9 thoughts on “The Rothschilds of Bitcoin

  1. […] and enlightening. Imagine having daily conversations with Steve Jobs in the early 1980′s or Mayer Amscheld Rothschild in the early 1800′s. It’s sorta like […]

  2. Anonymous says:

    The problem with the BitPesa model is that they become a chokepoint / single point-of-failure, and are subject to tariffs (which the government has already raised on the existing money transmitters, including M-PESA).

    Because there is a nice little premium that can be earned trading bitcoin, and no sign-up/ approval process to begin exchanging to or from bitcoins, there should be a ton of individuals willing to provide Bitcoin exchange. The problem with that though is those who buy bitcoins (e.g, from the who received coins as a remittance transfer) are not able to easily convert those coins back into cash (to be able to provide futher exchange).

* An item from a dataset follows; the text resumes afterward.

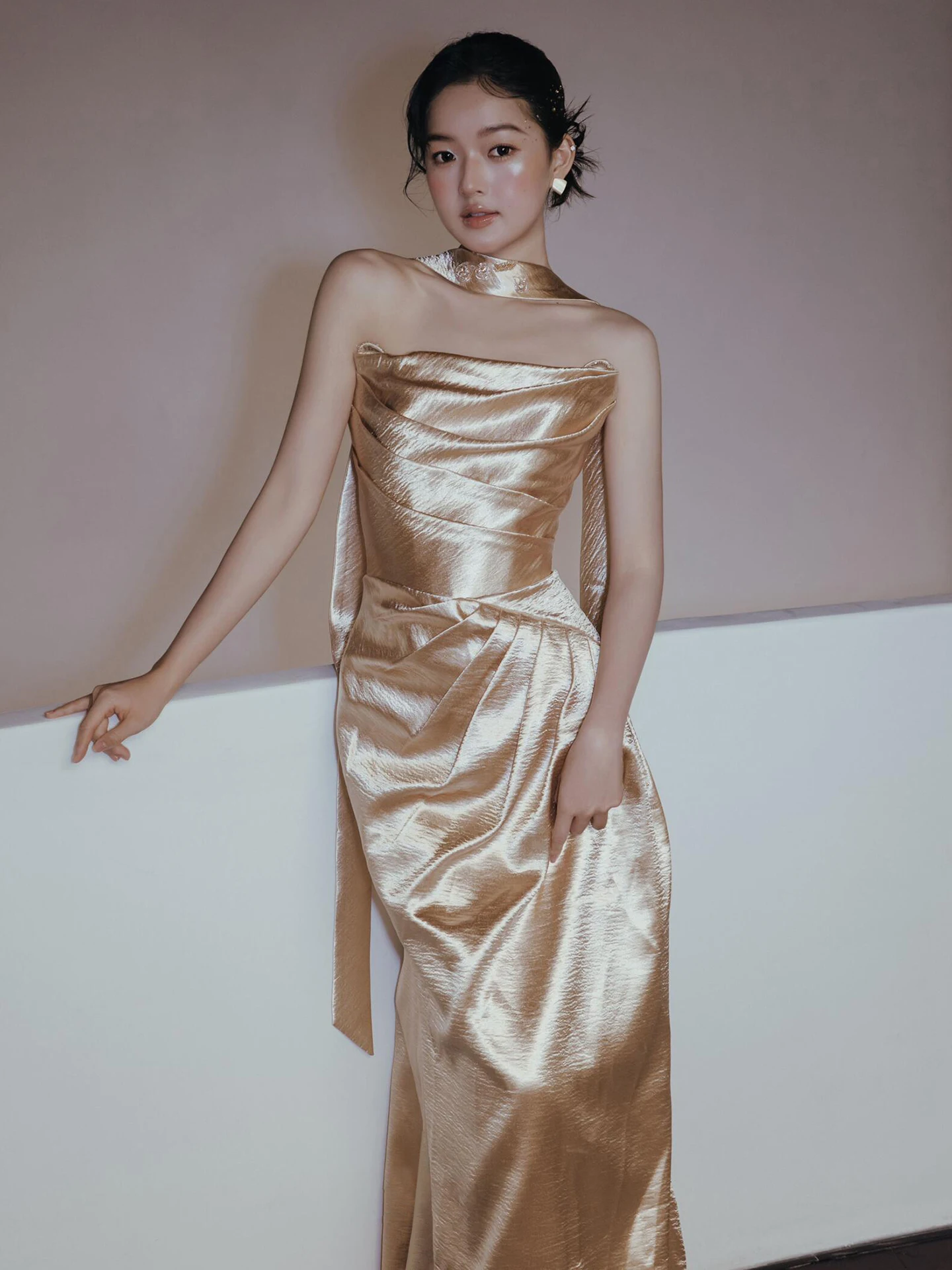 ชุดราตรีงานหมั้นสุดหรู ชุดเจ้าสาวสำหรับงานเลี้ยงสุดหรู ชุดคลุมยาวสำหรับเจ้าสาวสไตล์เกาหลี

So what needs to exist are regional “master traders” (wholesalers) who will always have a stock of cash and a willingness to buy coins near spot price (for larger sized trading, … e.g., trades of a few hundred dollars worth or more). That doesn’t yet exist but is badly needed.

    • Bitcoin Pete says:

      It’s too easy and too tempting for Master Traders to just walk with the coins, complying neither with government regulation nor the contracts entered into with their customers. It’s not entirely clear that bitcoin owners are truly looking for remittance options or whether they just like to talk about it. Frankly, bitcoin is too valuable to send back home if it’s just going to be converted back to fiat. The optimal strategy is still to hold the bitcoin and pay WU/PP their fees. Bitcoin will appreciate more than enough to cover the transaction fees. Or at least it has in the past.

  3. […] remittances? In their current form, at least, they’re not gonna matter. […]

  4. Something something Hawala, something something complete?

    • Pete D. says:

      Lol ya. Not a new idea. But the hawalese don’t support the arts to anywhere near the same degree. Did you know that there’s a giraffe species named Giraffa camelopardalis rothschildi ?

      Now that’s patronage.

  5. Mr Malose Isaac Ledwaba says:

    I would to know about rothschild bitcoin

  6. […] wines are still available today even though their coaches aren’t. Their true successors are similarly unknown. […]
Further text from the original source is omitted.